The word “fugitive” is translated as “wander” in Amos 8. Amos is significant because, in chapter 8 especially, God is again dealing with the Great Tribulation period. We read in verses 11-12:
Behold, the days come, saith the Lord GOD, that I will send a famine in the land, not a famine of bread, nor a thirst for water, but of hearing the words of the LORD: And they shall wander from sea to sea, and from the north even to the east, they shall run to and fro to seek the word of the LORD, and shall not find it.
The word “wander” here is this word “fugitive”—they shall be as a fugitive from sea to sea. They will wander about, but there will be no blessing of the Word of God; there will be a famine of hearing the Word of the Lord. God is not going to bless the Word to the hearts of those in the congregations during the time of Great Tribulation. Therefore, Cain becomes a wanderer, or a vagabond, which is restating the same idea. He is a fugitive, a wanderer. “A vagabond shalt thou be in the earth.”
This is the spiritual condition of many in the church today. They are seeking the Word of the Lord, so they say. They go from church to church and they try in a never-ending quest to find a faithful church, yet they will never find it because the church of our day is no longer faithful; God has forsaken the church. God is faithfulness (Revelation 19:11), and if God is not found in the congregation, then how can anyone say, “My church is faithful”? Christ is righteousness (Jeremiah 23:6), and if Christ’s presence is not found in the congregation, how can any church dare to claim, “My church is righteous”? No church today is faithful. We can make this absolute declaration because Christ, who is faithful, has departed out of the midst of the churches. This is what is meant in Isaiah 1:21, which says:
How is the faithful city become an harlot! it was full of judgment; righteousness lodged in it; but now murderers.
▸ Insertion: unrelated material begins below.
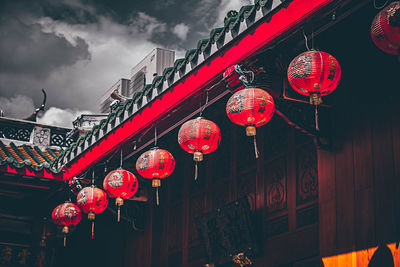 Low angle view of lanterns hanging by building against sky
Is that not a good question? “The faithful city” is a reference to Jerusalem, which typifies the corporate church. “How is the faithful city become a harlot?” Why is it that we find in Revelation 17 and 18 that God suddenly views the church as a harlot? It is because of its sin and because it has gone astray from the Word of God. Yet is it not true that the church had gone astray throughout the New Testament Church Age? Could not false doctrines always be found? Could not there always be spiritual high places that the church had set up and that ought to have brought about the judgment of God? That certainly was spiritual fornication—why was the church not called a harlot then? Why was it known as a faithful city during that time?
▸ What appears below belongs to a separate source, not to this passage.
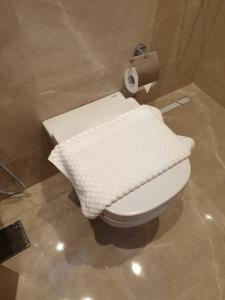 a bathroom with a toilet with a blanket on it at Terminal Inn Fully Furnished Hotel & Apartment- Al Mansoura in Doha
It was known as a faithful city because “righteousness lodged in it.” In 1 Corinthians 1:30, we read that Jesus is righteousness. Jesus, who is being spoken of here as the One who is righteousness Himself, lodged in the midst of the faithful city. That is what made the city faithful. “But now murderers,” it says, indicating that righteousness no longer lodges within the boundaries of the city. Indeed, Christ no longer does because He has left and forsaken the church. Immediately, at the point of His departure, the church is no longer a faithful city—but a harlot. Regardless of what doctrines a church might hold to or how diligently and franticly that they claim they are faithful to the Word of God, they are not faithful if Christ is not within the city. If Christ is not in the church, then every church is a harlot, spiritually speaking. This is exactly what the Bible teaches during this time of Great Tribulation.